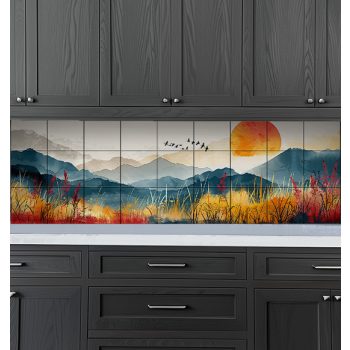 naplemente a hegyek felett, madarakkal és virágos mezővel ábrázolt kerámia dekorcsempe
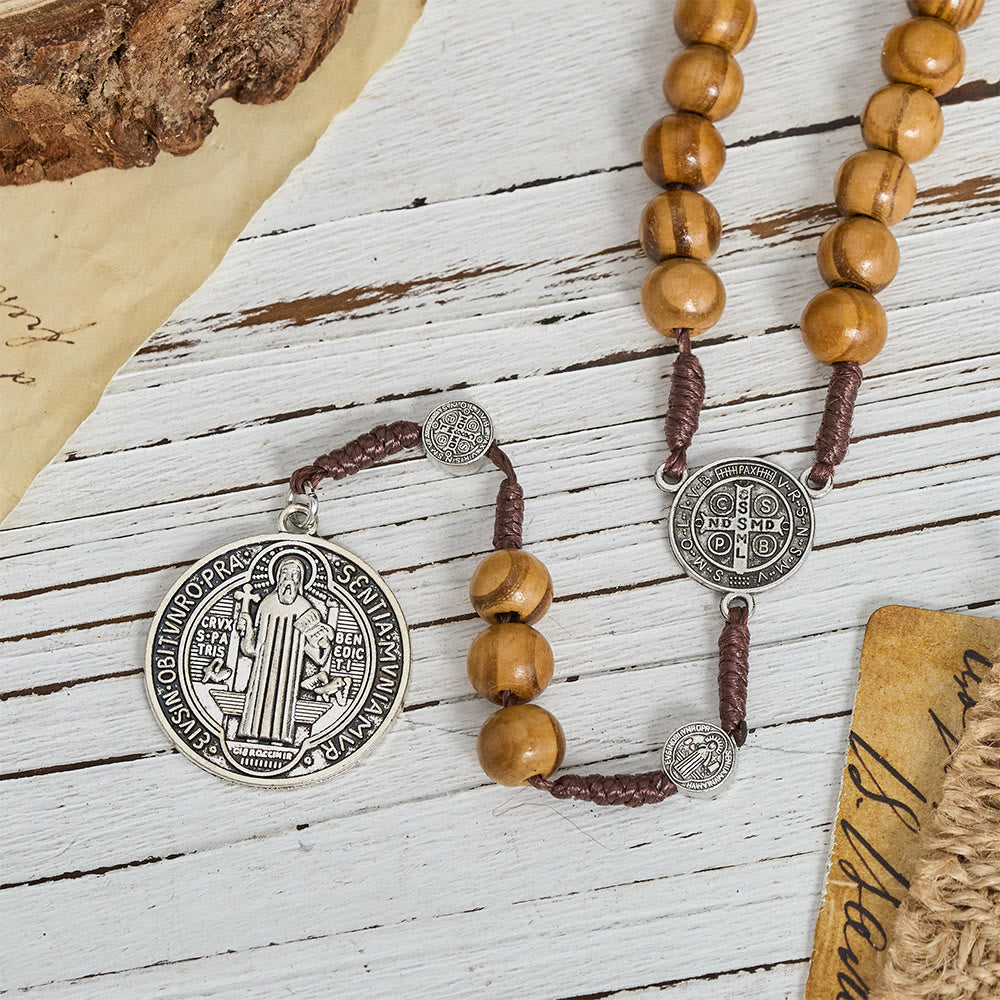 Christianartworkshop Natural Grain Wooden Bead Cord Rosary With St.Benedict / Our Lady / Finger Rosary Pendant - image 10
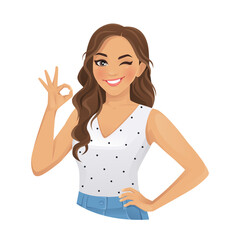 Young beautiful woman gesturing ok sign isolated vector illustration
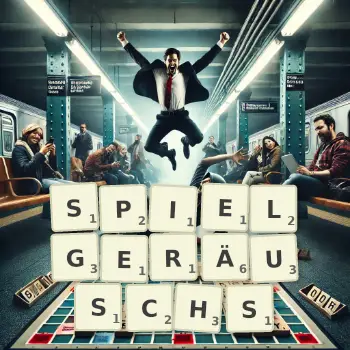 Kreative Illustration für ein Scrabble-Spiel, bei dem das Wort SPIELGERÄUSCHS mit Steinen auf dem Brett gelegt wurde.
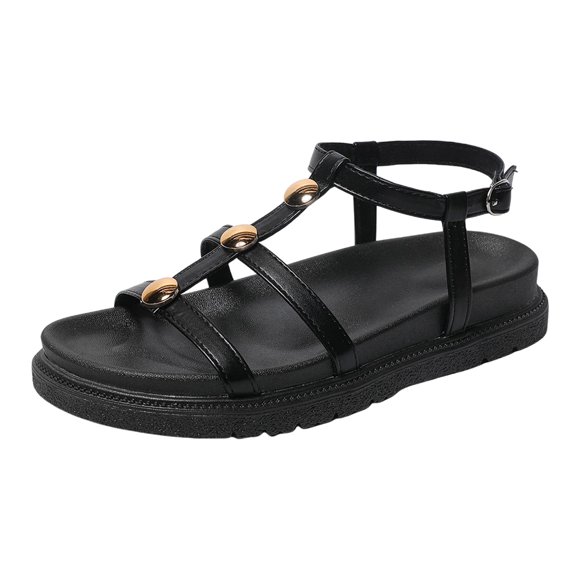 Sandales Plates à Brides pour Femmes en Similicuir à Bout Ouvert, Mules avec Bride de Cheville Ajustable, Amorties, Légères, à Enfiler, Chaussures d'Été Noires Taille 8,5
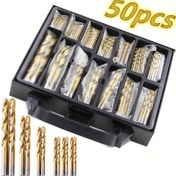 Resim 50 adet Düz Shank Matkap Seti, Titanyum Kaplamalı Yüksek Hızlı Çelik Matkap Seti, Altıgen Shaft, Lineer Spiral, Dairesel Shaft Twist Matkap, Ahşap İşleme Matkap Seti, Metal, Ahşap, Plastik için Kullanılır 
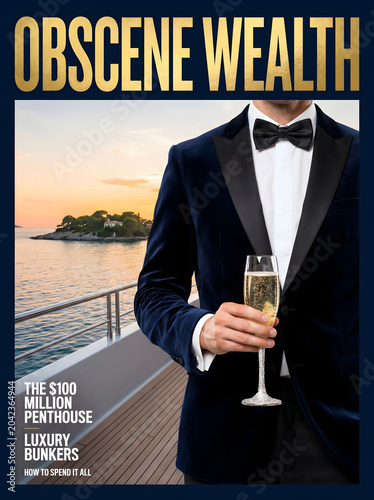 fictional magazine cover OBSCENE WEALTH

##############################

Where an entry holds an image, drop the image and copy the remaining text exactly.

 naplemente a hegyek felett, madarakkal és virágos mezővel ábrázolt kerámia dekorcsempe
 Christianartworkshop Natural Grain Wooden Bead Cord Rosary With St.Benedict / Our Lady / Finger Rosary Pendant - image 10
 Young beautiful woman gesturing ok sign isolated vector illustration
 Kreative Illustration für ein Scrabble-Spiel, bei dem das Wort SPIELGERÄUSCHS mit Steinen auf dem Brett gelegt wurde.
 Sandales Plates à Brides pour Femmes en Similicuir à Bout Ouvert, Mules avec Bride de Cheville Ajustable, Amorties, Légères, à Enfiler, Chaussures d'Été Noires Taille 8,5
 Resim 50 adet Düz Shank Matkap Seti, Titanyum Kaplamalı Yüksek Hızlı Çelik Matkap Seti, Altıgen Shaft, Lineer Spiral, Dairesel Shaft Twist Matkap, Ahşap İşleme Matkap Seti, Metal, Ahşap, Plastik için Kullanılır 
 fictional magazine cover OBSCENE WEALTH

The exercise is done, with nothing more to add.